In the kernel file siimage.c a new function has been added to test whether you have one of the older and somewhat defective seagate drives that require that hwif->rqsize be set to 15 rather than the much faster 128 which would suit all other drives. Unfortunately this test called "is_dev_seagate_sata", doesn't work properly for me (possibly due to my BIOS) and consequently any significant writes to the drive result in the entire drive becoming inaccessible. My workaround has been to remove this test which restores kernel 2.6.3 behaviour (which was to treat all sata drives as defective) which is fine for me, but does not suit others as it will halve their hard drive data transfer rates. Reproducible: Always Steps to Reproduce: 1. Mount a seagate drive eg. model ST380023AS on /dev/hdg1 2. Write to it. E.g. "mkreiserfs /dev/hdg1" and wait ages longer than normal 3. "cfdisk /dev/hdg" reports a failure Actual Results: I lost the ability to access the entire drive but for a reboot Expected Results: The filesystem would have been written and cfdisk would have worked afterwards. I have an Abit NF7-SV2.0 with the latest BIOS. Two seagate ST380023AS Serial ATA hard disk drives (one for windows, the other for media).
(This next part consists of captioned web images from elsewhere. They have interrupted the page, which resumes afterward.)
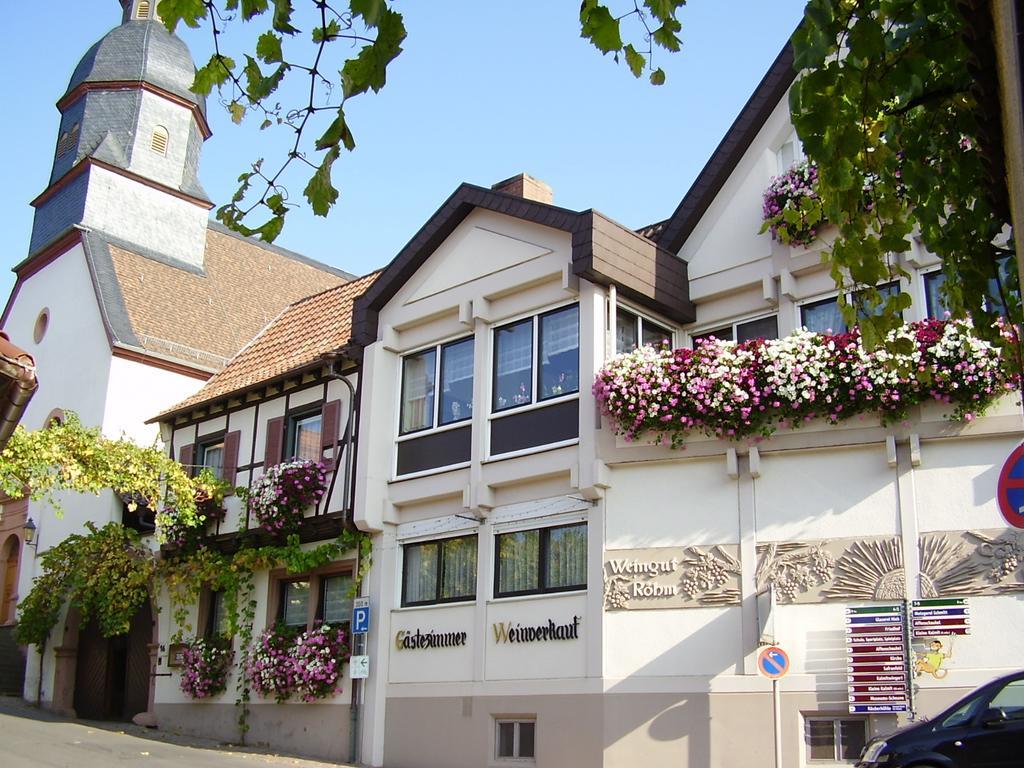 Gaestehaus Roehm Ilbesheim bei Landau in der Pfalz Buitenkant foto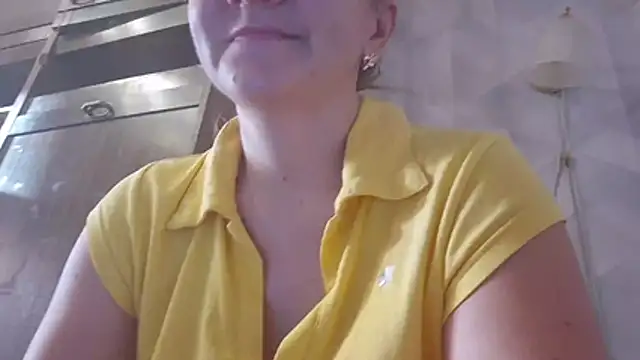 Snapshot of EstrellaWalters chatting on 3, 11, 2025 EstrellaWalters online show from 3, 11, 2025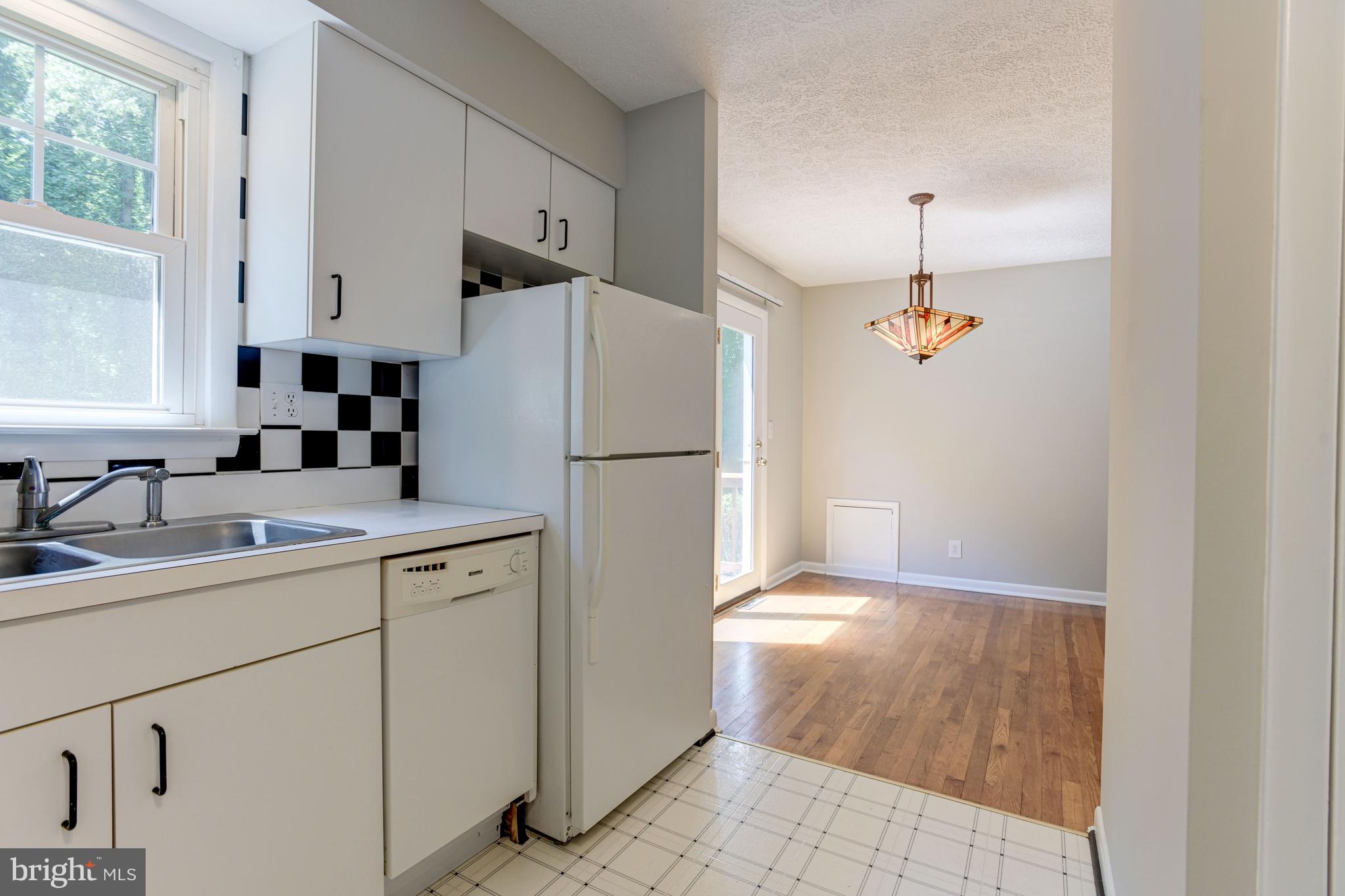 13215 Pine Road Bowie, MD 20720 - Photo 14 of 33 Kitchen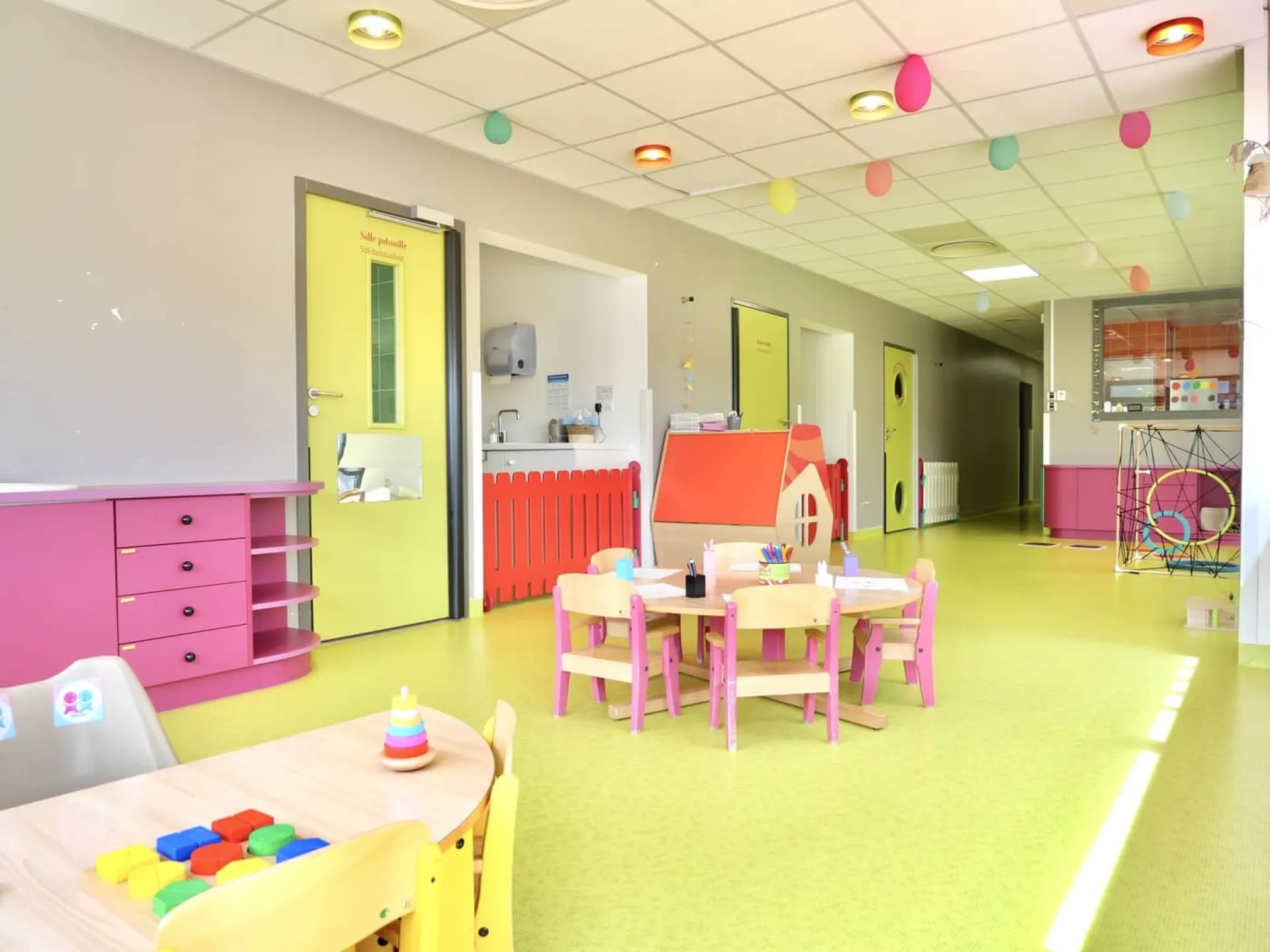 creche-saint-thegonnec-loc-eguiner-people-baby-1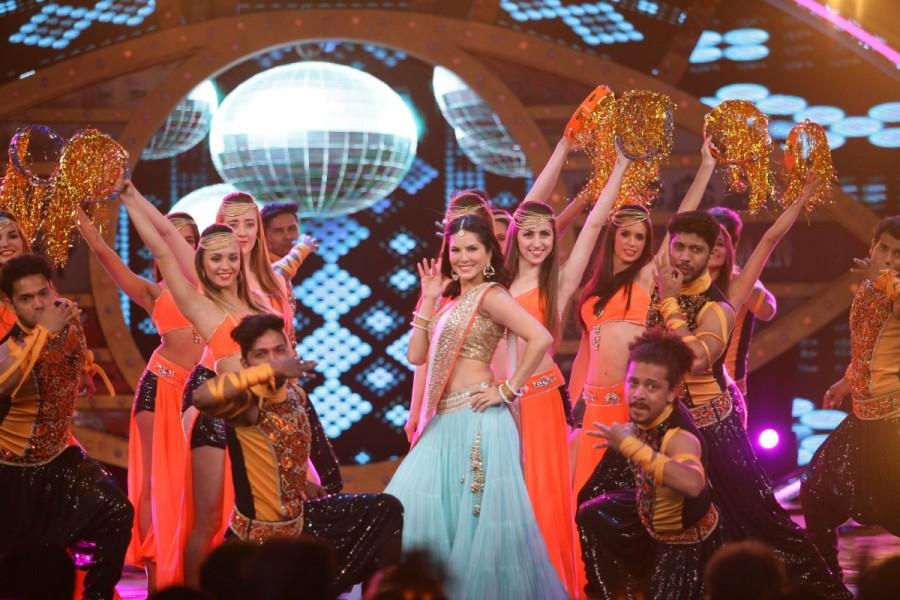 Sunny Leone performs at Bigg Boss Weekend Ka Vaar. Shah Rukh Khan,Salman Khan,Sunny Leone,Farah Khan,Jacqueline Fernandes,Karan Johar,Bigg Boss Weekend Ka Vaar,Bigg Boss Weekend,Bigg Boss,Bigg Boss 10,Ganesh Hegde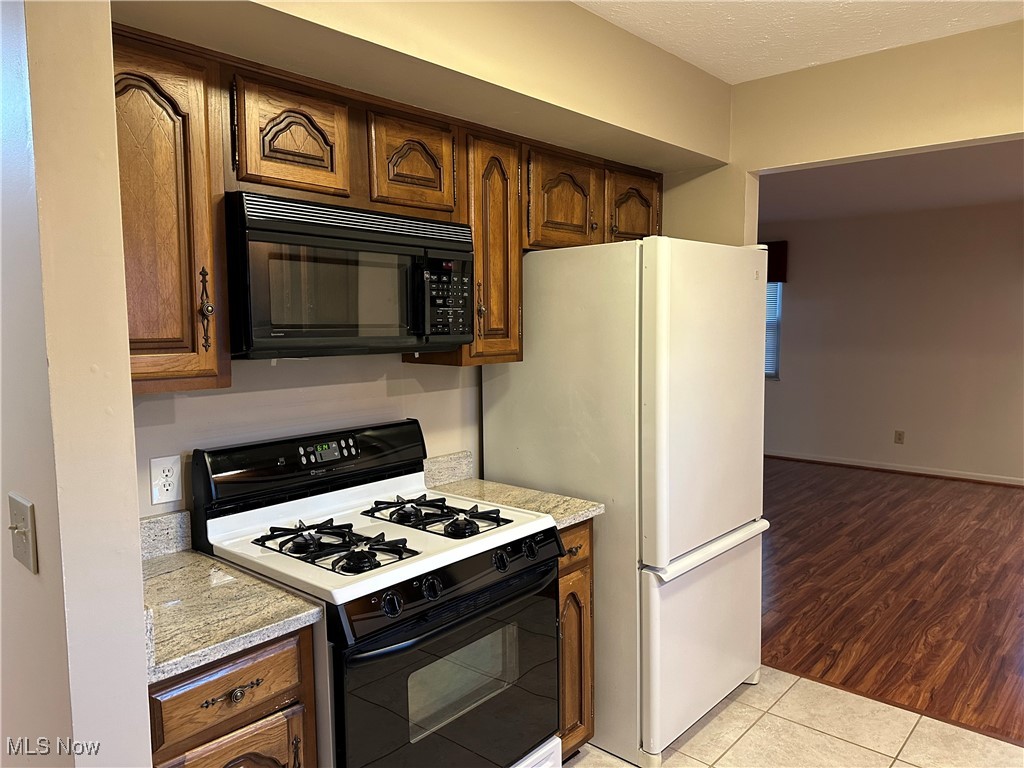 4402 Sandalwood Place, Vienna, West Virginia image 6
It is the media drive I wish to access. Also hosting the main linux system I have a parallel ATA disk drive, which works fine.
Created attachment 29812 [details] More detailed information.
Created attachment 29891 [details, diff] This patch makes sure that problem seagate sata drives are checked for if the initial hardware probe failed To install this patch "cd" into the base directory of your kernel source tree and type # patch -p1 -i /path/to/recheck-seagate-sata.patch n.b. Replace /path/to with the actual path to your patch.
I have the same drive and siimage. This is not a problem with just your bios, siimage + seagate has been broken badly since 2.6.3. Ive worked very heavily with ide maintainer and libata maintainer. Libata seems to be working better for now. i really cant remember if i hacked it for 15k rqsize on last build or not though.
This is an upstream issue. Make sure the problem is still present in 2.6.7, and if so, please file a bug at bugzilla.kernel.org.